**TASK INSTRUCTIONS**
Skip the pictures and repeat each line of the data exactly.

**INFORMATION GIVEN**
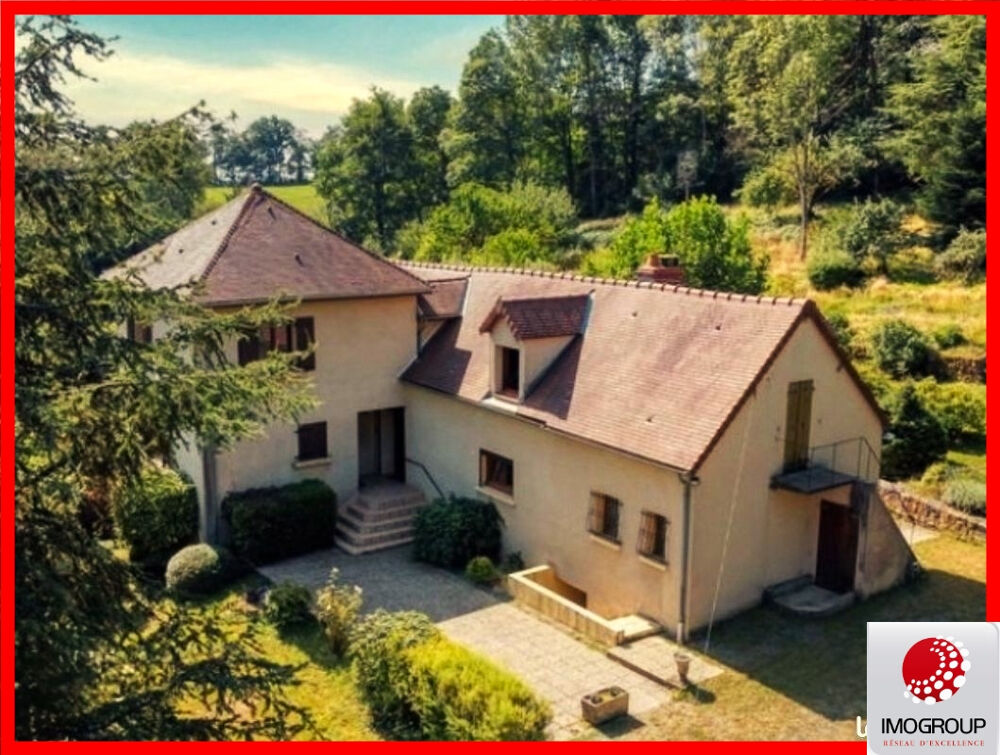 Vente Maison Maison de caractère sur 1,4 ha avec forêt Chalmoux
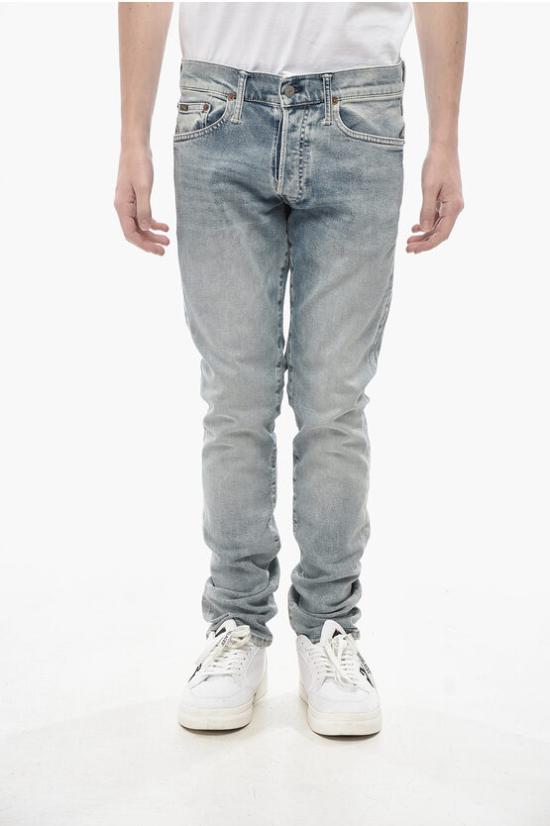  폴로 랄프로렌 데님 팬츠 710 863999 001 Blue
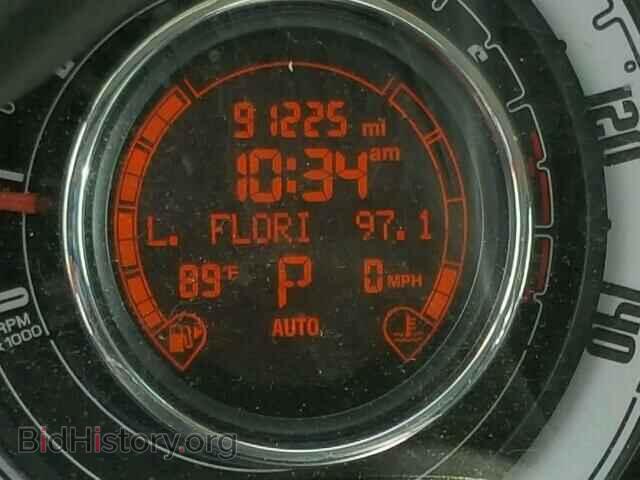 2012 FIAT 500 - VIN: 3C3CFFAR3CT124951 - Фото 8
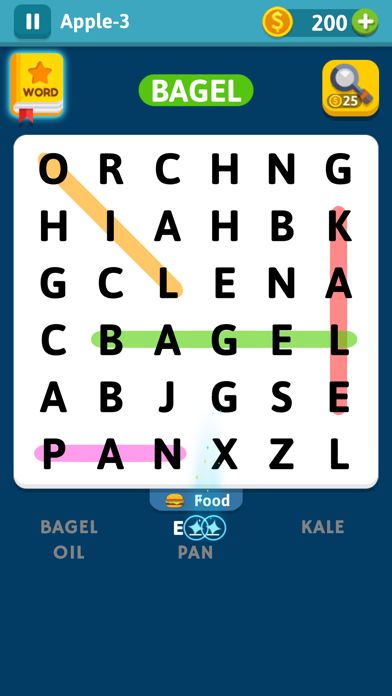 Word Search: Hidden Words游戏截图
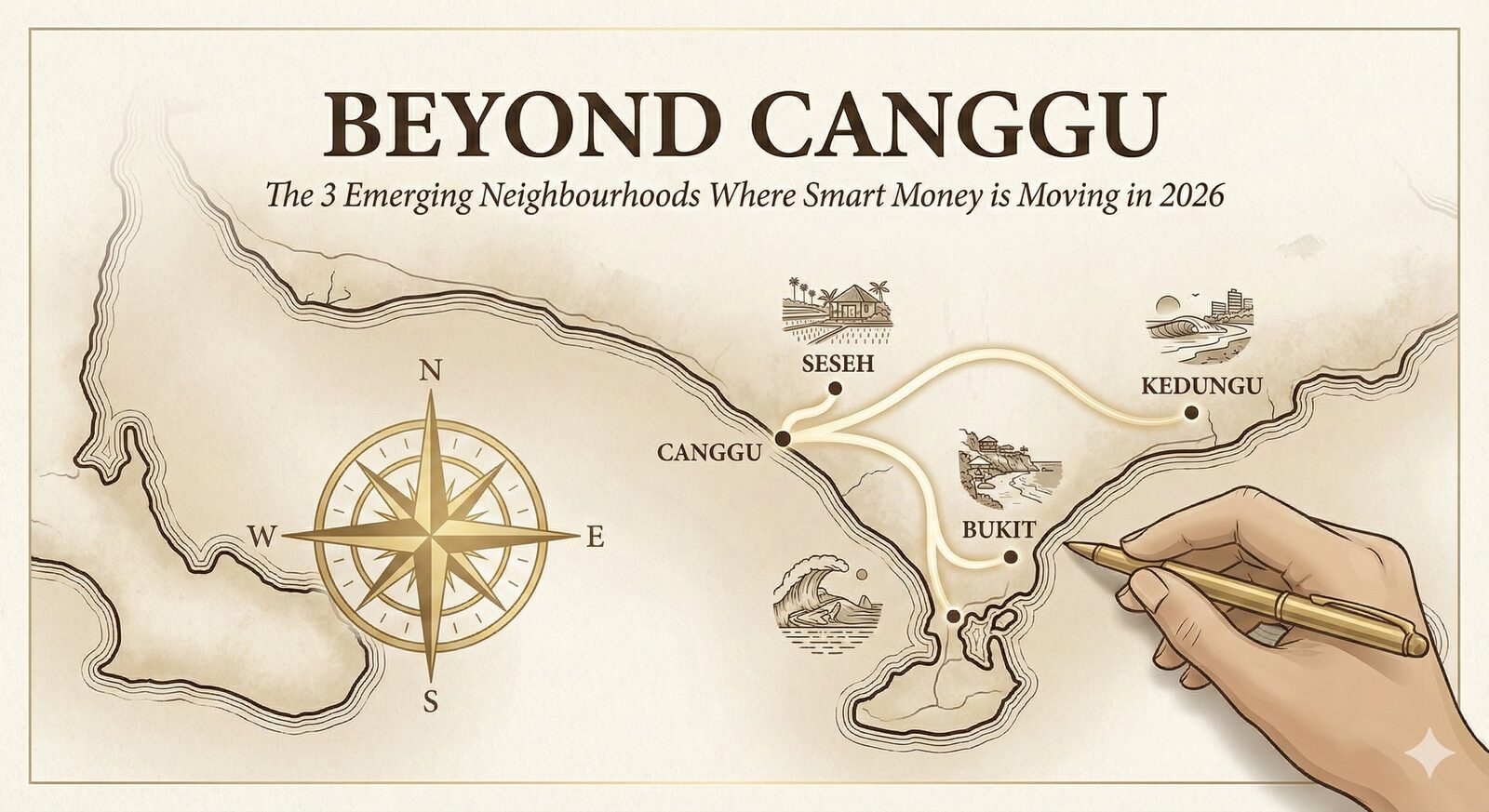 Beyond Canggu: The 3 Emerging Neighbourhoods Where Smart Money is Moving in 2026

**RESPONSE TO THIS EXERCISE**
 Vente Maison Maison de caractère sur 1,4 ha avec forêt Chalmoux
  폴로 랄프로렌 데님 팬츠 710 863999 001 Blue
 2012 FIAT 500 - VIN: 3C3CFFAR3CT124951 - Фото 8
 Word Search: Hidden Words游戏截图
 Beyond Canggu: The 3 Emerging Neighbourhoods Where Smart Money is Moving in 2026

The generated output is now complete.